### THE PROBLEM
From the data below, please reproduce exactly everything from the line that contains "Vorschau - Arbeitsblätter" down to the line that contains "Gucci Calfskin Web", with both ends included.

(DATA SUPPLIED)

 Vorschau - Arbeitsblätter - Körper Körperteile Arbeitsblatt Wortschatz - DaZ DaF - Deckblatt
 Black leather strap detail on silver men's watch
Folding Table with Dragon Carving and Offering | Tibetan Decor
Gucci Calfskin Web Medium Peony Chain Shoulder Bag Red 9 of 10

(End DATA SUPPLIED)
(DATA SUPPLIED)

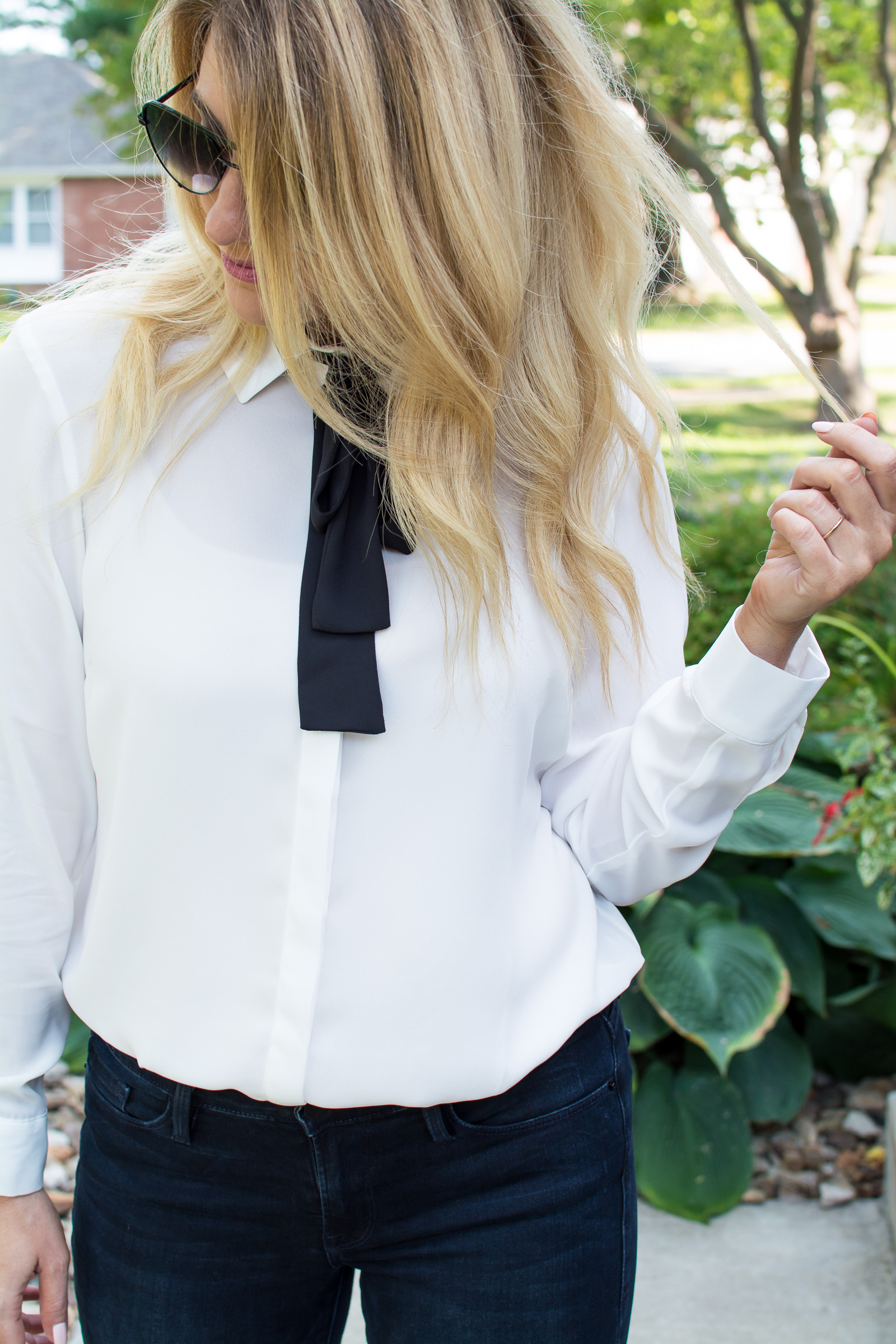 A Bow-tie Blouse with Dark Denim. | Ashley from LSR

(End DATA SUPPLIED)

### EXERCISE RESPONSE
 Vorschau - Arbeitsblätter - Körper Körperteile Arbeitsblatt Wortschatz - DaZ DaF - Deckblatt
 Black leather strap detail on silver men's watch
Folding Table with Dragon Carving and Offering | Tibetan Decor
Gucci Calfskin Web Medium Peony Chain Shoulder Bag Red 9 of 10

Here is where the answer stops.